RECORDS SUPPLIED:
┄┄┄┄┄┄

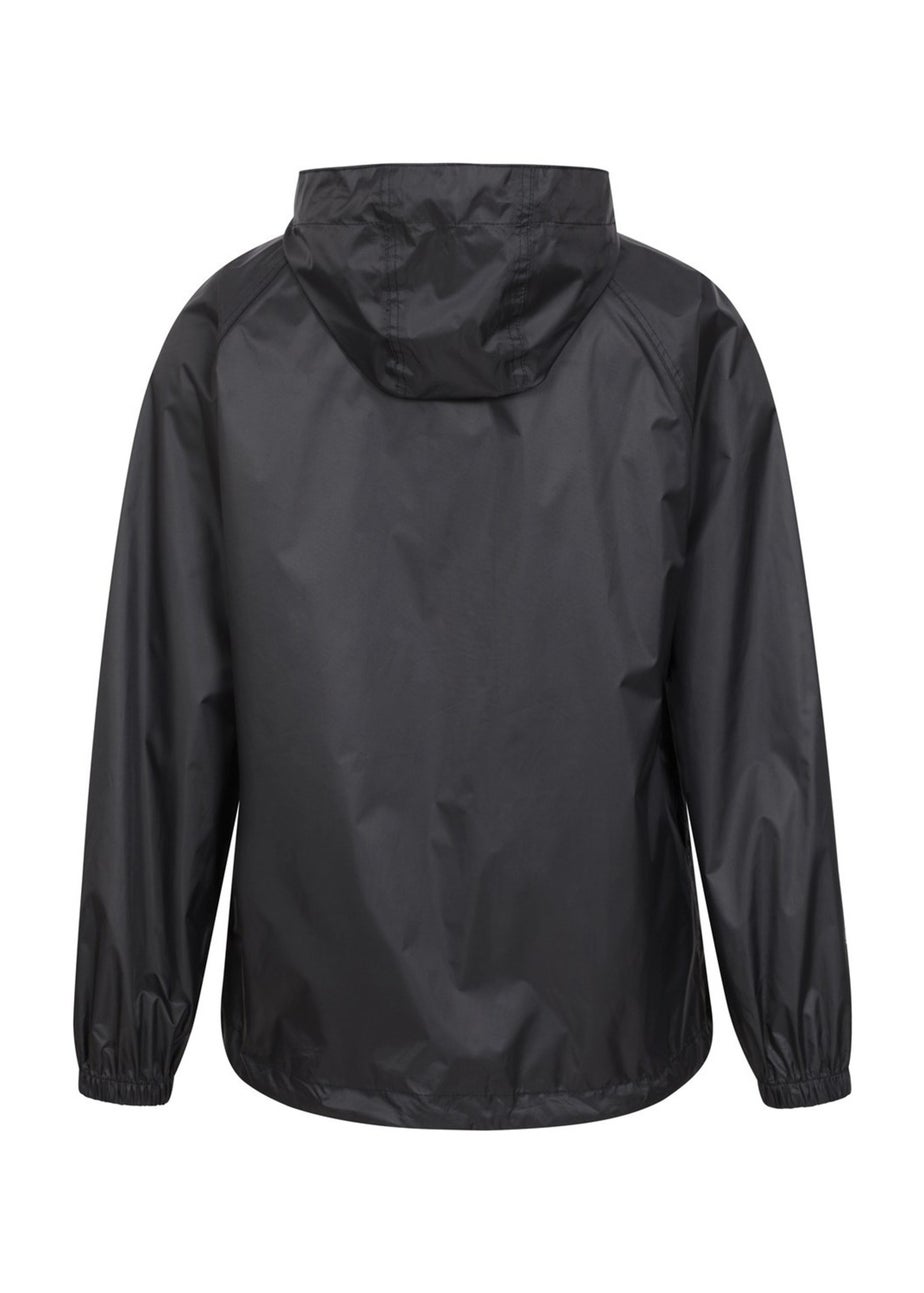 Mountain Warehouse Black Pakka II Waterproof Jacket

┄┄┄┄┄┄

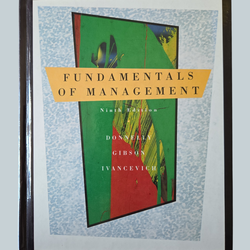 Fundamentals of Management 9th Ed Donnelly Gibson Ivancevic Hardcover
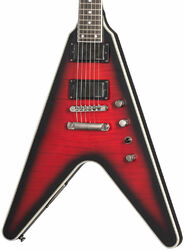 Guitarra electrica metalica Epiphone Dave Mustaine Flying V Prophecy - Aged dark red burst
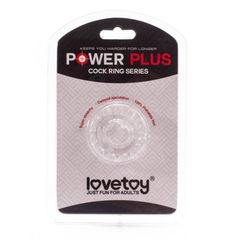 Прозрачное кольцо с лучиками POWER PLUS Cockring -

┄┄┄┄┄┄

PROBLEM DESCRIPTION:
Look above for the line with "Fundamentals of Management" and the line with "Прозрачное кольцо с", then restate exactly those two lines and all lines between them, with no pictures.

RESPONSE BELOW:
 Fundamentals of Management 9th Ed Donnelly Gibson Ivancevic Hardcover
 Guitarra electrica metalica Epiphone Dave Mustaine Flying V Prophecy - Aged dark red burst
 Прозрачное кольцо с лучиками POWER PLUS Cockring -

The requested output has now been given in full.